I am trying to merge around 15+ excel files into one huge file. There is also time mismatches and I want to combine some of the time frames into one. For example, if you have 10:15am - 10:30am and value A associated with this time in one sheet, and in another sheet you have 10am - 11am and the associated "balance" value B, then in the merge you can have 10:15am-10:30am values A and B, as the B falls into that time as well.

This is what I have so far which helps to merge the excel files into one. But now I am having trouble in matching the timeframes, please help! Thanks!

import os
import pandas as pd
path = os.getcwd()
files = os.listdir(path)
files
path = os.getcwd()
files = os.listdir(path)

files_csv = [f for f in files if f.endswith('.csv')]

dfs = []

for f in files_csv:
    data = pd.read_csv(f)
    dfs.append(data)

df = pd.concat(dfs, ignore_index=True)

print(df)
1

There are 1 answers

1
Ipeleng Floyd Bela On

To solve your problem, you need to ensure that the CSV files are in your current working directory.

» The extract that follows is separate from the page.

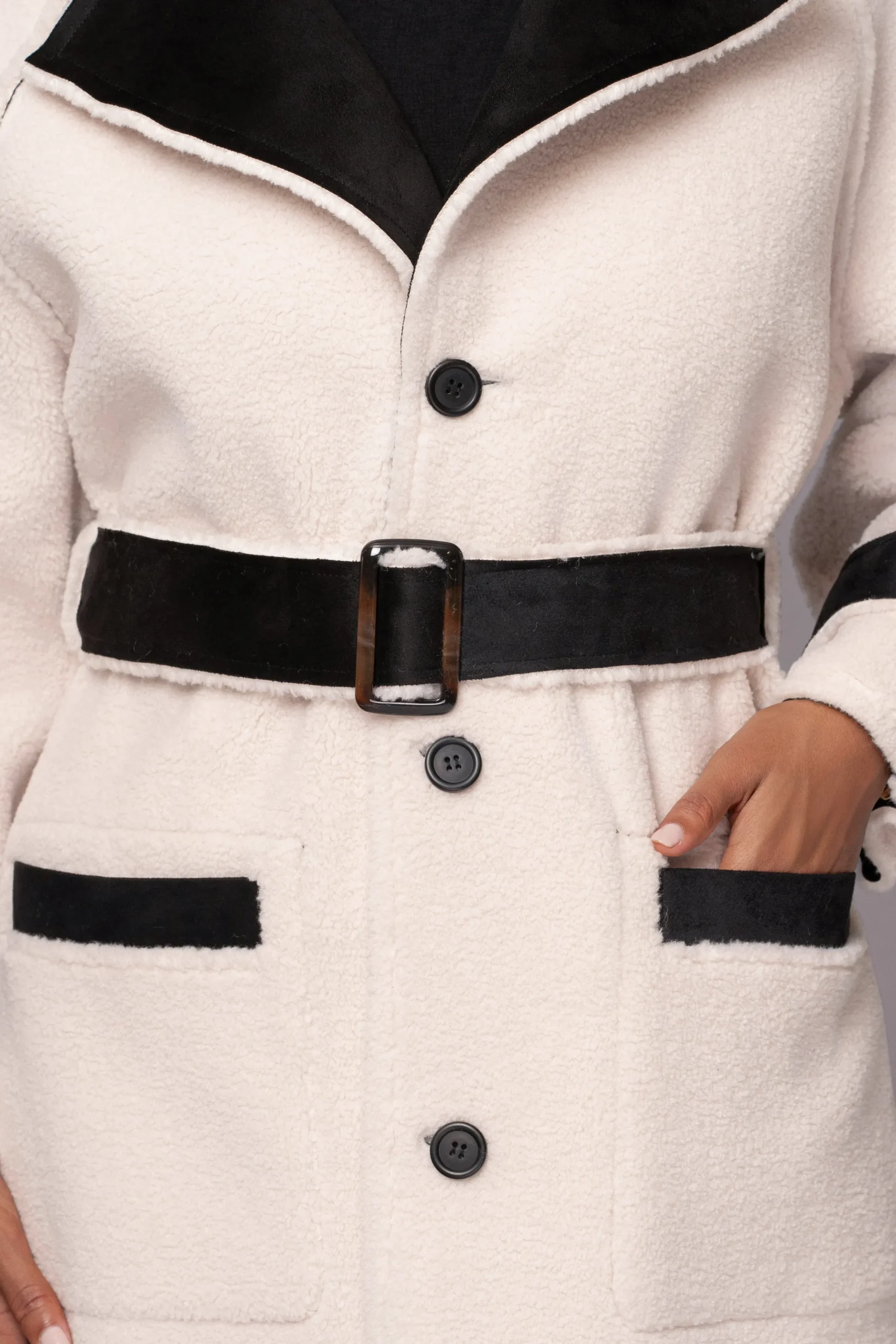 JLUXLABEL Black Suede And Sherpa Reversible Coat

Once you have the CSV files, you can use the following code to merge them and align the data based on overlapping time intervals

import os
import pandas as pd

# Get the current working directory
path = os.getcwd()

# Get all the csv files in the directory
files_csv = [f for f in os.listdir(path) if f.endswith('.csv')]

# Initialize an empty list to store the dataframes
dfs = []

# Read each csv file and append the dataframe to the list
for f in files_csv:
    data = pd.read_csv(f)
    # Convert the time columns to datetime
    data['start_time'] = pd.to_datetime(data['start_time'])
    data['end_time'] = pd.to_datetime(data['end_time'])
    dfs.append(data)

# Concatenate all dataframes
df = pd.concat(dfs, ignore_index=True)

# Sort the dataframe by start_time
df = df.sort_values('start_time')

# Group the dataframe by overlapping time intervals and aggregate the values
df['interval'] = (df['start_time'].shift() != df['start_time']).cumsum()
df = df.groupby(['interval', 'start_time', 'end_time']).sum().reset_index()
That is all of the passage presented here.